As the nation’s single biggest energy consumer, the Pentagon has many reasons to want to diversify its fuel sources. Mabus and others say the move toward alternative energy is about national security and assured sources of supply.
In addition, with oil supplying 80 percent of the military’s energy, the impact of price fluctuations ripples quickly through the system. Each one-dollar increase in the price of a barrel of oil adds more than $30 million a year to the Navy’s energy costs, officials say.
So the Pentagon is pressing ahead with an ambitious program to change its energy use. Its spending on renewable energy increased 300 percent between 2006 and 2009, from $400 million to $1.2 billion, and it is projected to reach more than $10 billion annually by 2030, according to a report issued last week by the Pew Project on National Security, Energy and Climate.
The Defense Department has pledged to obtain 25 percent of its energy from renewable sources by 2025.
In doing so, it has provided a new target of opportunity for environmentalists and green businesses now that climate legislation has failed and renewable-energy subsidies have come under fire, most recently with the collapse of solar-panel manufacturer Solyndra.
But the Navy secretary said he is more focused on the fact that a Marine is either wounded or killed for every 50 convoys of fuel brought into Afghanistan than on cutting greenhouse gas emissions.
“That’s just too high a price to pay,” Mabus said in a phone interview Thursday, adding that when it comes to lower carbon emissions, “It’s a good byproduct, but it’s a byproduct.”
While the military’s goals promote energy independence, it remains unclear how much some of them will cut greenhouse gas emissions.
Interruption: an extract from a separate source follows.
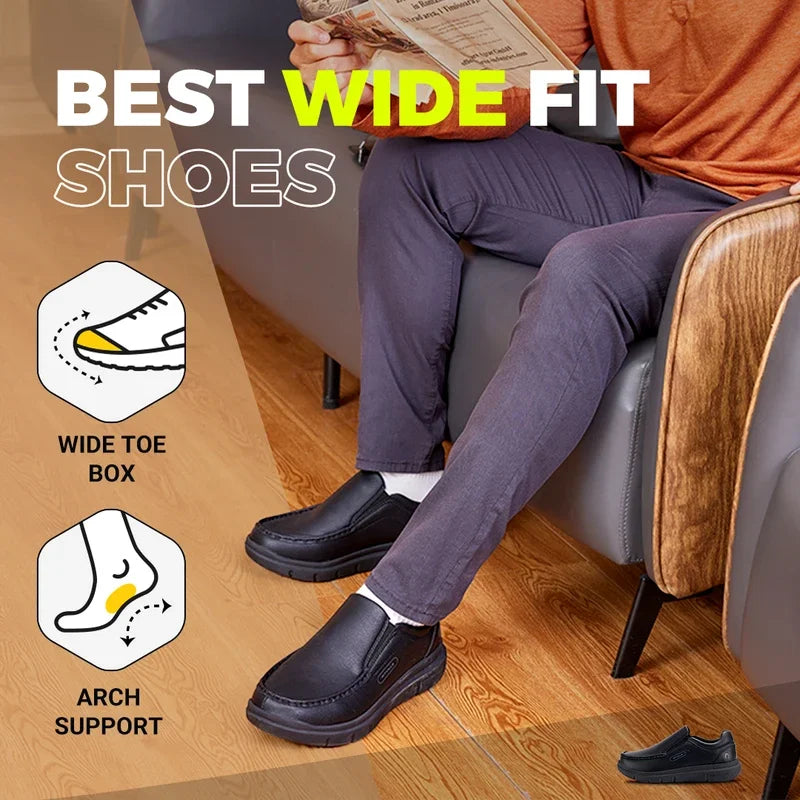 Fitville Men'S Shoes Wide Width Leather Slip-On Casual Shoes Lightweight For Swollen Feet With Arch Support Pain Relief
Navy guidelines dictate that the advanced biofuels it will buy cannot pollute more than petroleum, but they do not say the Navy needs to cut greenhouse gas emissions by a specific amount.
Several of the Pentagon’s goals don’t apply to theaters of military operations, where it uses heavy and inefficient equipment such as tanks, some of which average less than a mile per gallon.
Ambitious savings goals
Mabus has outlined a series of ambitious goals for the Navy and Marine Corps, including ensuring that 50 percent of the services’ energy supply comes from alternative energy such as biofuels and solar power by 2020; cutting fossil fuel use by its non-combat vehicles in half by 2015; and reducing fuel consumption on ships 15 percent by 2020.